Adult Family Care (AFC): Adult Family Care is a comprehensive service in which the Individual supported resides with an unrelated caregiver. The Participant and up to three (3) other Individuals who have physical and/or cognitive disabilities who are not members of the provider’s or primary caregiver’s family, reside in a home that is owned, rented, or managed by the adult family care provider. AFC provides an environment that has the qualities of a home, including privacy, safe place that is free of environmental hazards such as pests, habitable environment, comfortable surroundings, and the opportunity to modify one’s living area to suit one’s participant preferences.
Assisted Living (AL): Assisted Living Service is defined as personal care, chore, attendant care and companion services, medication oversight (to the extent permitted under State law), therapeutic social and recreational programming, provided in a congregate residential setting in conjunction with the provision of participant paid room and board. This service includes 24-hour on-site response staff to meet scheduled or unpredictable needs.
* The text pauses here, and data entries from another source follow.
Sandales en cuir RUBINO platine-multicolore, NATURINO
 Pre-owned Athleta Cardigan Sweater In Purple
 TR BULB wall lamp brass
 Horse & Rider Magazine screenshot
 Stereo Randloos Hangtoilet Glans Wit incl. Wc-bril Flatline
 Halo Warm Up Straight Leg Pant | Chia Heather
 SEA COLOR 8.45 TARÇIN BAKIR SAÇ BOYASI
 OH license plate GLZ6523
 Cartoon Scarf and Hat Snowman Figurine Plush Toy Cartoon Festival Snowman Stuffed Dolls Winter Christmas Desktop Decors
The participant retains the right to assume risk.
Attendant Care Service: Attendant Care services (ATTC) are provided to participants with nursing facility level of care needs. ATTC provides direct, hands-on care to participants for the functional needs with ADLs. ATTC id provided to participant with either nursing facility or ICF/IID level of care needs.
Behavior Management/ Behavior Program and Counseling: Behavior Management includes training, supervision, or assistance in appropriate expression of emotions and desires, assertiveness, acquisition of socially appropriate behaviors, and the reduction of inappropriate behaviors. This service includes observation of the individual and environment for purposes of development of a plan and subsequent revisions and training staff, family members, roommates, and other appropriate individuals on the implementation of the behavior support plan.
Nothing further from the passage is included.